For British businesses, particularly SMEs, the areas of renegotiation set forward by Cameron reads as sound and greatly beneficial for their prosperity – especially as it addresses some prominent areas of concern. Yet, for businesses operating across Europe, if not globally, there may be a number of questions that spark concern.

First, the restriction of freedom of movement can carry some impact for businesses. While Cameron argued for the continued support for freedom of capital, skills and services, it was clearly marked that immigration from both within and outside the EU needs to be restricted. Companies operating in multiple countries could find themselves facing a challenge. Certain sectors rely on the ease with which labour is gained through the Treaty and a change in immigration regulation could have an impact on their business model. This will undoubtedly be one of the most challenging aspects of the British renegotiation.

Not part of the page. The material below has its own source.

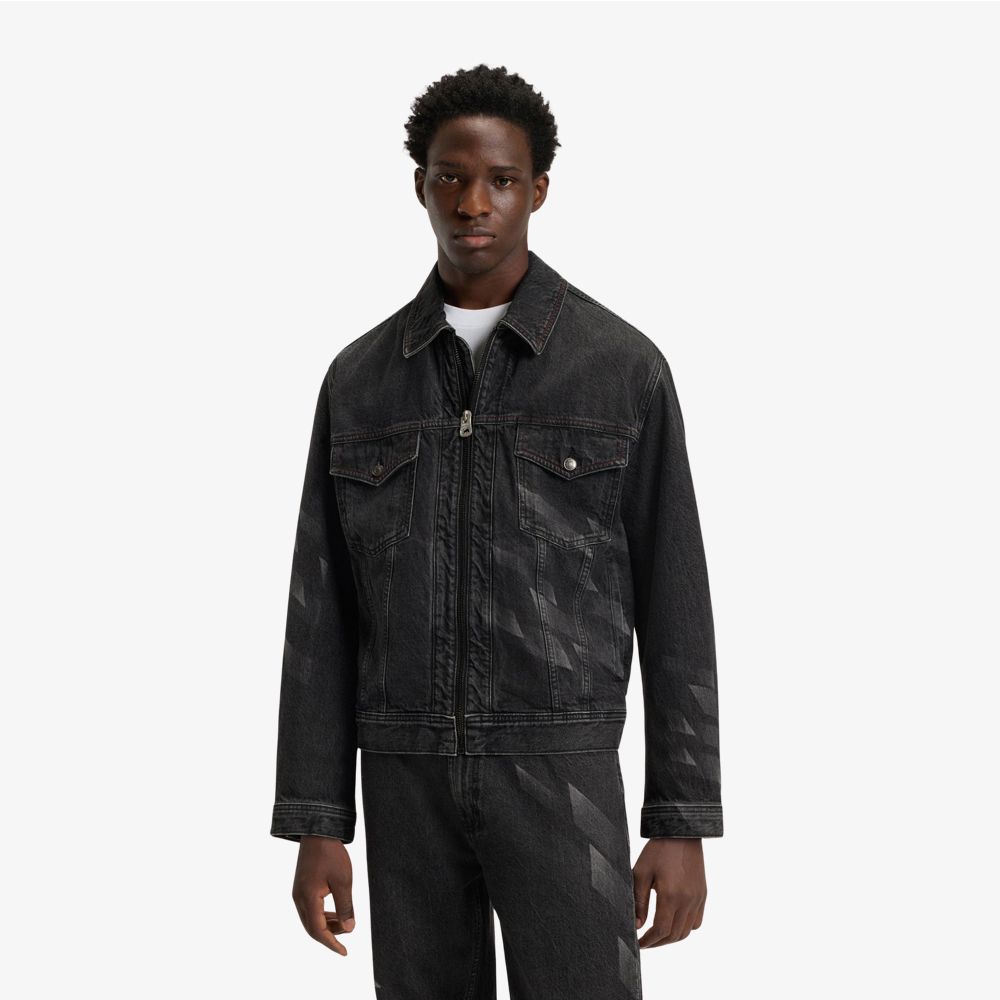 HUGO - Áo khoác denim đen HUGO x RB với họa tiết khắc laser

Second, the support of Member States on the rejection of the Human Rights Act in favour of a British Bill of Rights could potentially be one of the most radical proposals set forth in the renegotiation process. Cameron stated that “We will reform our relationship with the ECHR by scrapping Labour’s Human Rights Act and introducing a new British Bill of Rights”. The policy is controversial enough within British borders but it sends an equally challenging signal across Europe for Britain to argue for a separate legal process determining basic human rights. How this could impact prior and future rulings and definitions on rights and offences against human rights will profoundly shape the operations of UK business.

Third, the economic arguments are specifically put forward by Cameron to alleviate the bureaucratic burden experienced by many British companies when dealing with EU regulations. On the face of it the renegotiation should mean it will be easier for UK business to expand within the EU, should the Member States agree that there ought to be no special treatment based on currency. That in principle should be an easy argument to make. However, the degree to which Britain would be able to successfully argue an essentially pick ‘n mix of decisions made by Eurozone countries could be more problematic.